2006年11月28日(火) 18時48分
フォードモーター本社。写真はGTのオーナーミーティング(11月)の画像

今年史上最大の赤字決算に終わる見込みのフォードモーターが、「ウェイフォワード」で発表した約4万人のリストラ、工場閉鎖などに必要な費用として180億ドルを借り入れる予定であることが明らかになった。

フォードでは早期退職希望者に最高で14万ドルを支払う予定で、早期退職希望の受付は27日が締め切りとなっている。そのためキャッシュフローが必要となっている。

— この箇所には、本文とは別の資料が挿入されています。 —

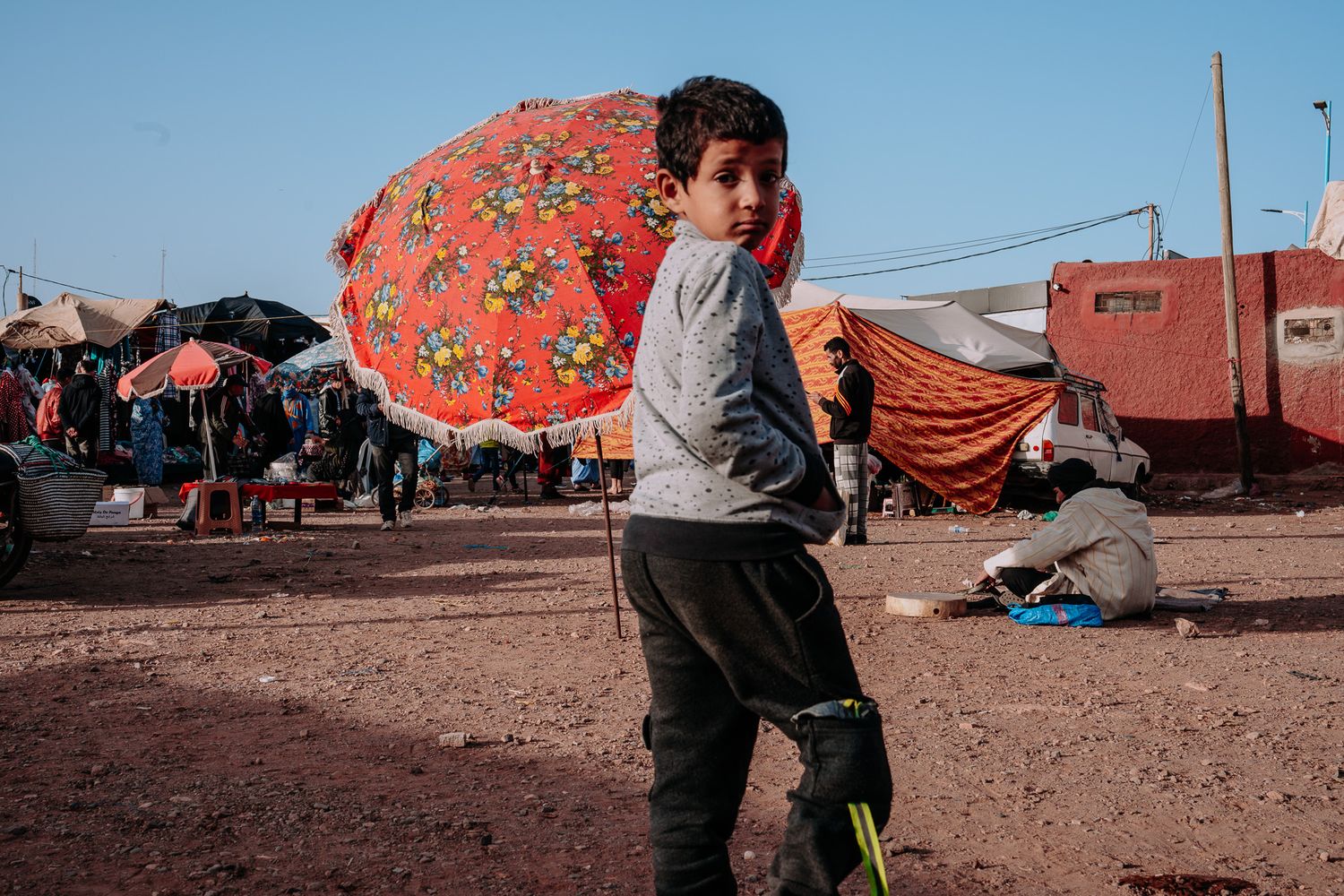 Young boy stands in a dusty refugee camp holding a colorful red floral umbrella amid tents and people.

フォードの負債額は9月30日現在で1億5400万ドルだが、今年の3四半期での赤字総額は69億9000万ドル。今年1月のリストラ策発表時には「2008年には赤字から回復、黒字に転向」と予想していたが、同社ではこの予定が1年先延ばしとなり、09年となりそうだと訂正している。

これを受けて27日、企業格付けのムーディーズはフォード株式の評価を「Caa1」に落とした。これは「投資に適当」とされるランクから7ランクも下の格付けに当たる。同じくフィッチの格付けも投資に適当なランクから5段階下の「B」となった。スタンダード&プアーズでもフォード株の格下げを検討中だという。

企業格付けは、企業の借入金の利子に反映される。つまり格付けが落ちるとフォードの利子負担がさらに重くなることを意味する。

今年のライトトラック売れ行き不振はフォードだけではなくGM、クライスラーをも直撃。今年に入ってからパーツメーカーなどの破産申告はすでに5件となっている。

今回のフォードの借入に対しても、投資家らは「フォードが倒産することを考えれば仕方のない選択」と諦めムード。来年以降の盛り返しに期待するしかないようだ。